Discovering the linguistic wheel?

Jul 25, 2011 by

On the one hand, it is great to see so much about linguistics in the popular press and the blogosphere. But on the other hand, many articles (in press and online) that purport to report some newly-made linguistic discovery often make me wonder…

A case in point: a recent report in describing the great discoveries of a team of Oxford researchers into historical morphology of Romance languages.

For starters, the article claims that the study looked at “the hundreds of Romance languages, including French, Spanish, Italian, Portuguese, Romanian and Catalan”. Hundreds, really? Which ones? Notice that they say “hundreds of Romance languages“, not “dialects” or “varieties”. Later on the article corrects itself by saying that the database of the research team includes irregular verb forms in “80 Romance languages and dialects” — a much more reasonable figure. The Ethnologue website, which generally takes a splitter’s approach to linguistic varieties, lists only 41 Romance language (plus Latin, which is classified as a Latino-Faliscan language, a member of another branch of Italic grouping within Indo-European). This list of 41 languages includes not only the better known Romance varieties like “French, Spanish, Italian, Portuguese, Romanian and Catalan”, but also Aromanian and Megleno Romanian, Judeo-Italian and Shuadit, Napoletano-Calabrese and Sicilian, Asturian and Extremaduran, Picard and Walloon. I doubt there could be hundreds of other Romance varieties, even dialects in addition to those. Nor can one truly say that “Romanian or the French spoken on the Atlantic coast of Canada” have been “neglected by mainstream Romance linguistics”.
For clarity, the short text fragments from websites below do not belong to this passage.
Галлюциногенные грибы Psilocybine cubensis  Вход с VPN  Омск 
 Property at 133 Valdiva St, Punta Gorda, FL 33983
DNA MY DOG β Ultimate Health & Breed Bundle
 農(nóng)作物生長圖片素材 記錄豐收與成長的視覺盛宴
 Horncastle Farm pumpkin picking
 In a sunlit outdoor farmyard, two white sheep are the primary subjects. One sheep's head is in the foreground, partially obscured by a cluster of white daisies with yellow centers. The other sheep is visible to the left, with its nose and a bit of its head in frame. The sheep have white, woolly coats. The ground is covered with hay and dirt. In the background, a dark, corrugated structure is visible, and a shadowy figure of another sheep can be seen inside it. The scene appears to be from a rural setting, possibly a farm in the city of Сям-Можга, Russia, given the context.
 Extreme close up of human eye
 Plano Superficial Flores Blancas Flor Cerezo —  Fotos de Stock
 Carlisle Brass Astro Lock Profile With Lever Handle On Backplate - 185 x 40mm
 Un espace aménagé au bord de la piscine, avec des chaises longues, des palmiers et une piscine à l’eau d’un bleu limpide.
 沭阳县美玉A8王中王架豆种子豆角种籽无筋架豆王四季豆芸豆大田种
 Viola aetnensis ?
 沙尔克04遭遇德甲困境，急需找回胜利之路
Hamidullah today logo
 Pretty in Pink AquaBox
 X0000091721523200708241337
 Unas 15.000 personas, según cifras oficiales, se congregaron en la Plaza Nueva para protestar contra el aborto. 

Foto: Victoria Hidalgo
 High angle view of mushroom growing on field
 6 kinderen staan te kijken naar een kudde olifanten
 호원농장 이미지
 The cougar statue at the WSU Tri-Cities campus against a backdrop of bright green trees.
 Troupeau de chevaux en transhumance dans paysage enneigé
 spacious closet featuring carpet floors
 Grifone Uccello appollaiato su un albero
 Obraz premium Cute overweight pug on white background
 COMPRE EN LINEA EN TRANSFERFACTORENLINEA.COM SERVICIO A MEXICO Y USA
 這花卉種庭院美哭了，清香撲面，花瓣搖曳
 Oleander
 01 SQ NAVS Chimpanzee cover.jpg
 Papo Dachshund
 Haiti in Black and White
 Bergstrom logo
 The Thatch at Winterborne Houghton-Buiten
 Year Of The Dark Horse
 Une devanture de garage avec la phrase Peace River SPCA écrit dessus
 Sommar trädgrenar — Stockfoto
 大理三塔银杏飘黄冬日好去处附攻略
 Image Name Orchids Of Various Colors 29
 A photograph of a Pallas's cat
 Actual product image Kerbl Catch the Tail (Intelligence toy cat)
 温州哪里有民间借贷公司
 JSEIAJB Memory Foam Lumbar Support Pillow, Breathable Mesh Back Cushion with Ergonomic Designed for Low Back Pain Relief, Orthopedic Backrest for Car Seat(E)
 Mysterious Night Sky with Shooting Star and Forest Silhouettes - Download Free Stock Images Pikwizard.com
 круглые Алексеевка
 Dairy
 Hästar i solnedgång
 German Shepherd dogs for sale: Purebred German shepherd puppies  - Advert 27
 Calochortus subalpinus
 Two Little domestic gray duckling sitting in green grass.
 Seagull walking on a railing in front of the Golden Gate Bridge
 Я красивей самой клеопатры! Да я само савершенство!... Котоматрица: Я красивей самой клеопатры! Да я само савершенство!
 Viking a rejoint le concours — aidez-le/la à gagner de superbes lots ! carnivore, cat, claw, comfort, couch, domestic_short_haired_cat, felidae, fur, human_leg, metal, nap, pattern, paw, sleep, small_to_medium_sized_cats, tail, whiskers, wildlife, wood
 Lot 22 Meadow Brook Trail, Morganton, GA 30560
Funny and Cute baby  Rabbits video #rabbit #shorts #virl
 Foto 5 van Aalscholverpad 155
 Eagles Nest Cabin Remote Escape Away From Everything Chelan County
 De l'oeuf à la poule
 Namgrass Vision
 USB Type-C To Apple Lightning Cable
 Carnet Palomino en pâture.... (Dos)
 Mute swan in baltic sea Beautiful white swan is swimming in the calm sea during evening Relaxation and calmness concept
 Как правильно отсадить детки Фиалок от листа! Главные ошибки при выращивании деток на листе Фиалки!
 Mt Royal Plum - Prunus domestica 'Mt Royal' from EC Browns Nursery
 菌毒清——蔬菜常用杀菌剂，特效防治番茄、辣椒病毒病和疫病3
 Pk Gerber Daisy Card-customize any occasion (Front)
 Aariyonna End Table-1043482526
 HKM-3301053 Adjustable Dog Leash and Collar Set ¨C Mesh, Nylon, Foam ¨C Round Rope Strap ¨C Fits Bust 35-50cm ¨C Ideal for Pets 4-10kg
Another aspect of this article that really perplexed me is what exactly the reported discovery is. That irregular forms “are learned by successive generations despite ‘making no sense’ or, apparently, having any function in the language”? Anybody who has tried to learn Spanish or French or Russian knows that! And linguists have known for a long time not only that irregular forms survive, but also why and how they do so. Irregular forms arise as a result of historical changes in the system, such as phonological changes (the cited examples of the French je meurs ‘I die’ vs. nous mourons ‘we die’ are a case in point). The irregular forms survive because children learn them as such, and come to realize that these are exceptions to the regular rule. For example, English children learn the irregular forms like went and ate, after they go through a stage of overextending the regular form and creating forms like goed and eated. The reason that such irregular forms survive is that they are reinforced by frequency: rarer verbs become regularized with time, more frequent irregularities survive. Sometimes, the irregular patterns are also reinforced by analogical extention: that’s what happens with think-thank-thunk.

So if anyone can explain to me what the great, earth-shattering contributions of this research are, I am listening!